====== Data listing ======

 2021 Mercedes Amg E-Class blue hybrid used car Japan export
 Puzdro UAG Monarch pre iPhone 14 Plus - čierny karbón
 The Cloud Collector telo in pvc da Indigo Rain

======
====== Data listing ======

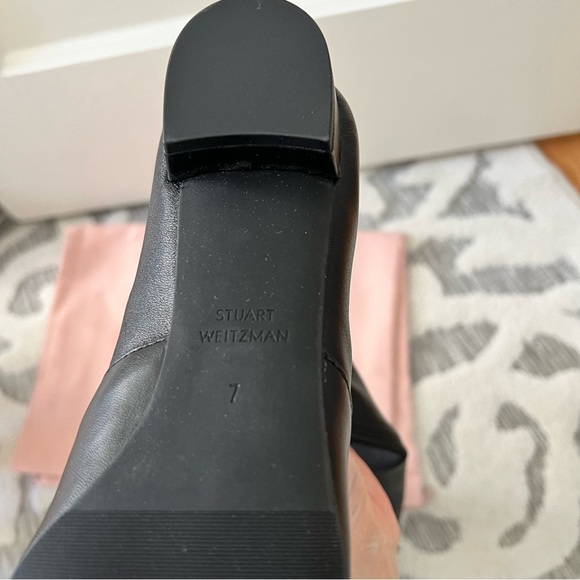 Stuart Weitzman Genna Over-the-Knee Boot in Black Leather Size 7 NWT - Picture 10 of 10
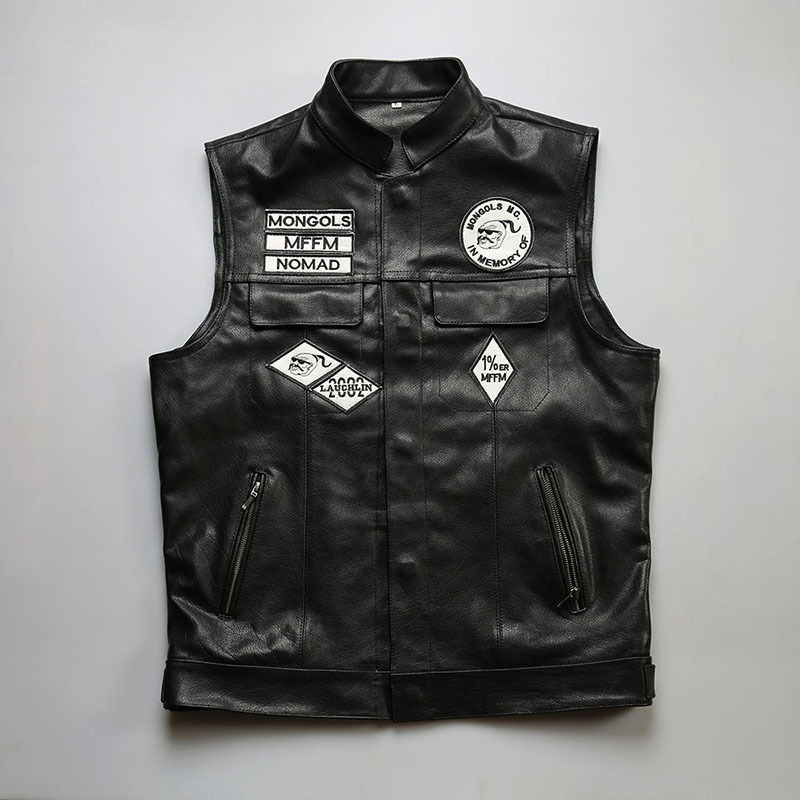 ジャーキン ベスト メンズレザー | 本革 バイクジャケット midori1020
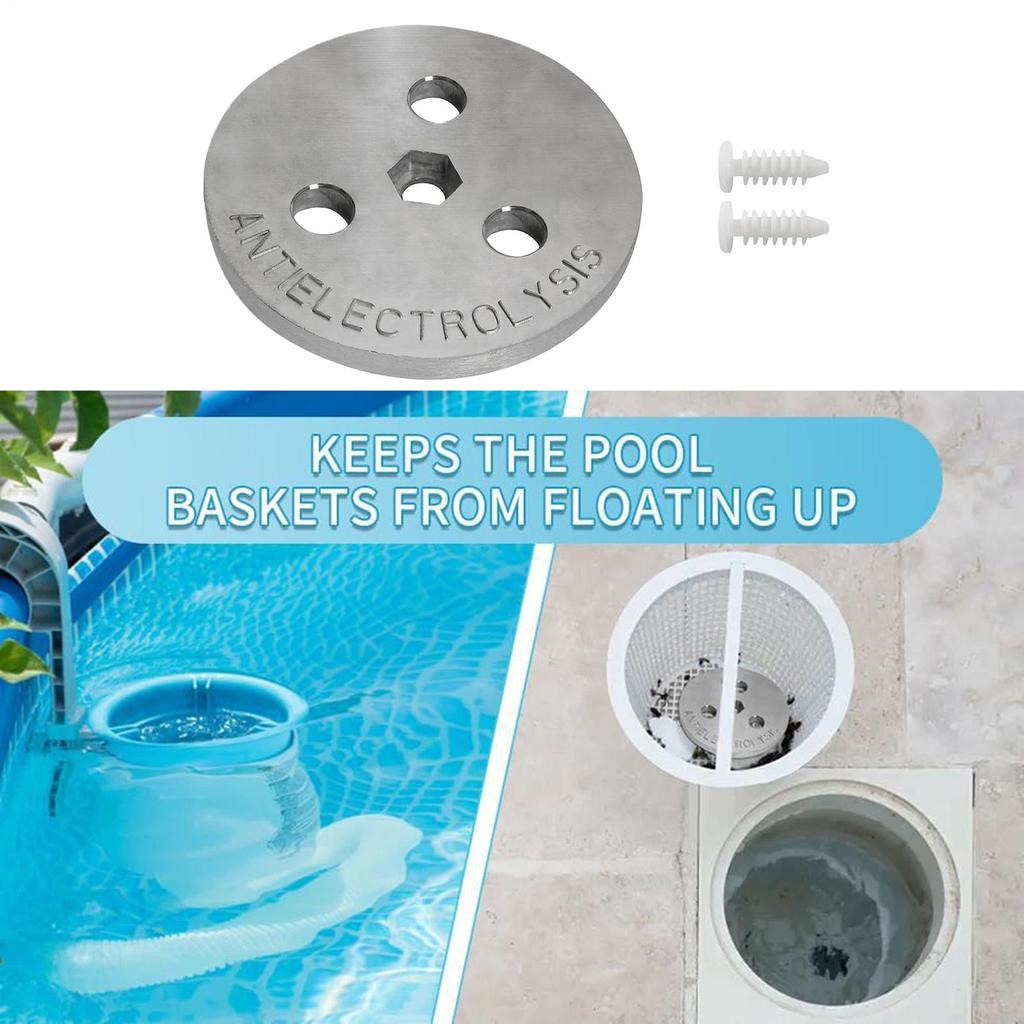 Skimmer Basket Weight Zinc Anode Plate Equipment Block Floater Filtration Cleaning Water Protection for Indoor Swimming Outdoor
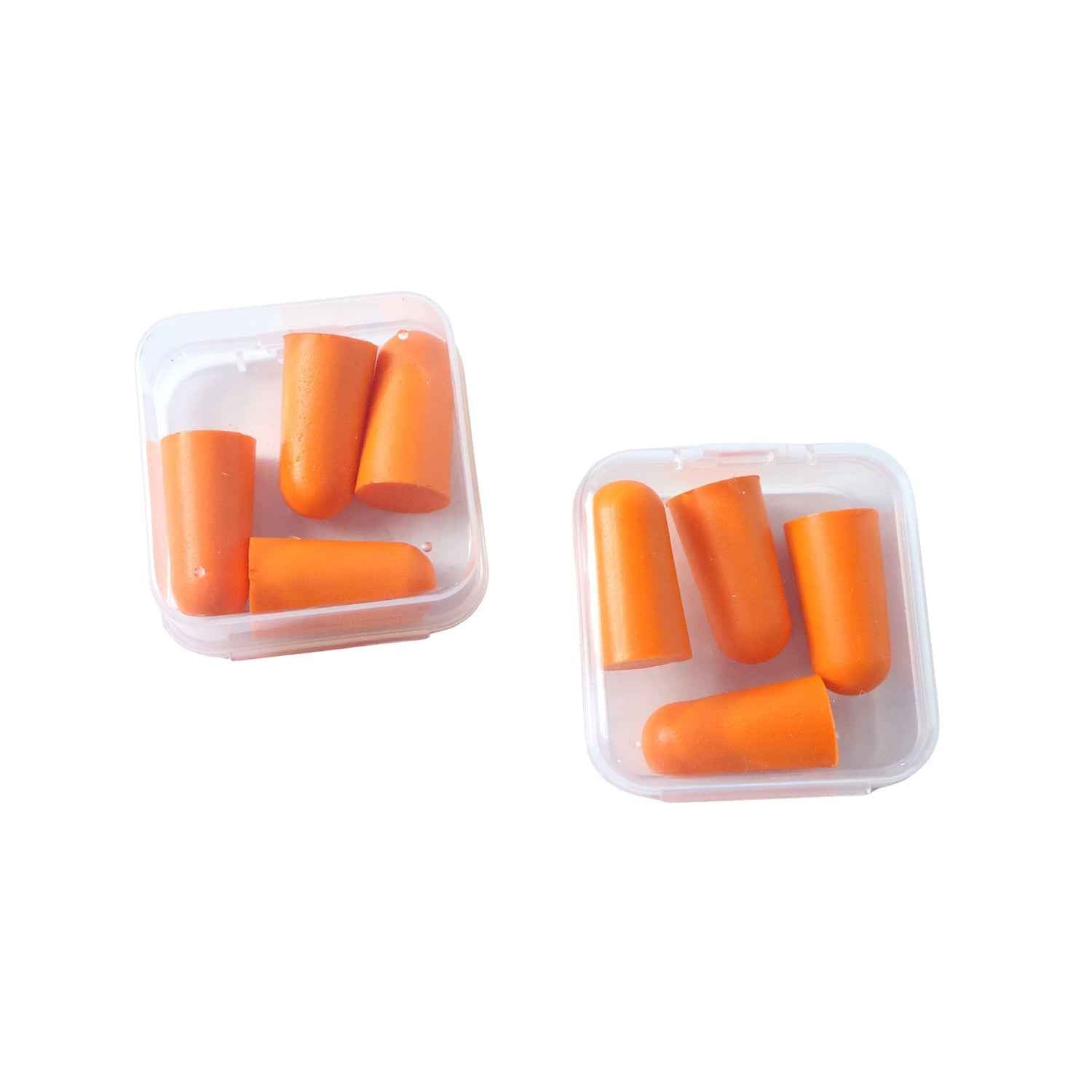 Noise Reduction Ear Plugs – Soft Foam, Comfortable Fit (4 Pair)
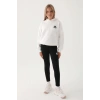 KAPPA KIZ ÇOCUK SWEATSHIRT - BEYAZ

======
====== Data listing ======

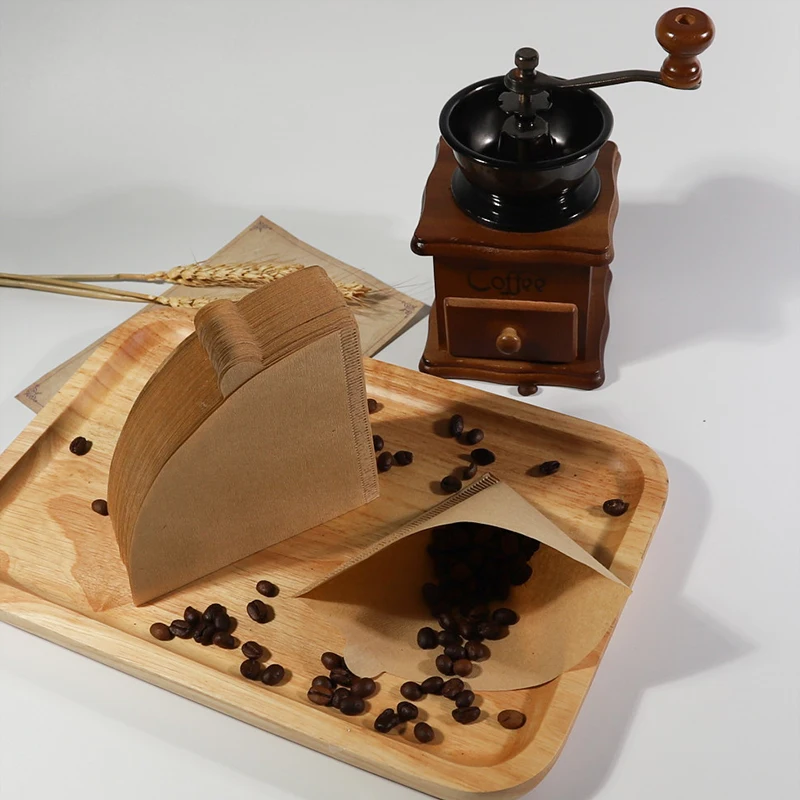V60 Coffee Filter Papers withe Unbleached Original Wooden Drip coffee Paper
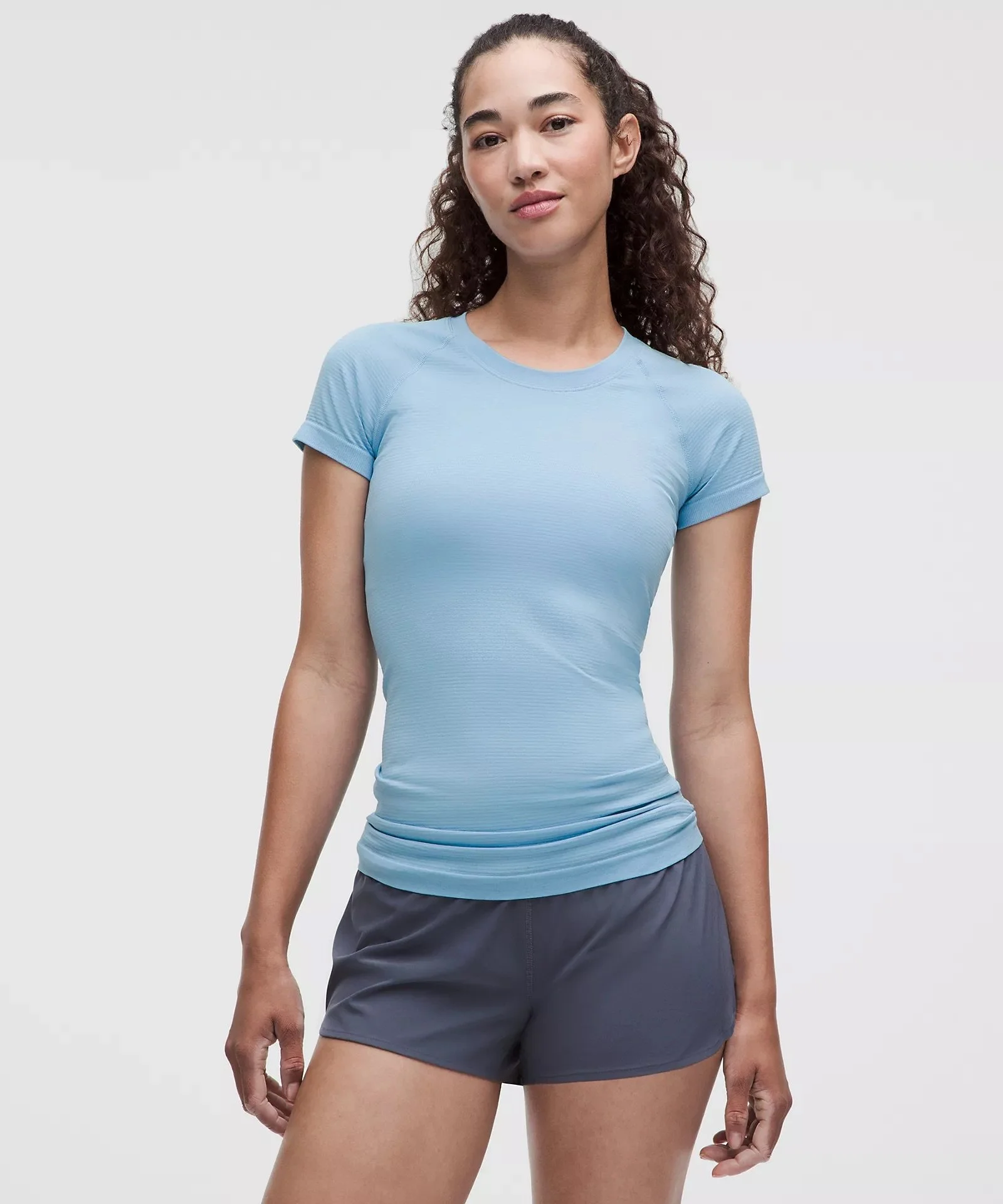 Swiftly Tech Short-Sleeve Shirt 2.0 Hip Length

======

* **Work instructions**:
What you return from the records above should be exactly everything from the line with "Stuart Weitzman Genna" down to the line with "KAPPA KIZ ÇOCUK SWEATSHIRT - BEYAZ", both kept, and no pictures.

* **Worked solution**:
 Stuart Weitzman Genna Over-the-Knee Boot in Black Leather Size 7 NWT - Picture 10 of 10
 ジャーキン ベスト メンズレザー | 本革 バイクジャケット midori1020
 Skimmer Basket Weight Zinc Anode Plate Equipment Block Floater Filtration Cleaning Water Protection for Indoor Swimming Outdoor
 Noise Reduction Ear Plugs – Soft Foam, Comfortable Fit (4 Pair)
 KAPPA KIZ ÇOCUK SWEATSHIRT - BEYAZ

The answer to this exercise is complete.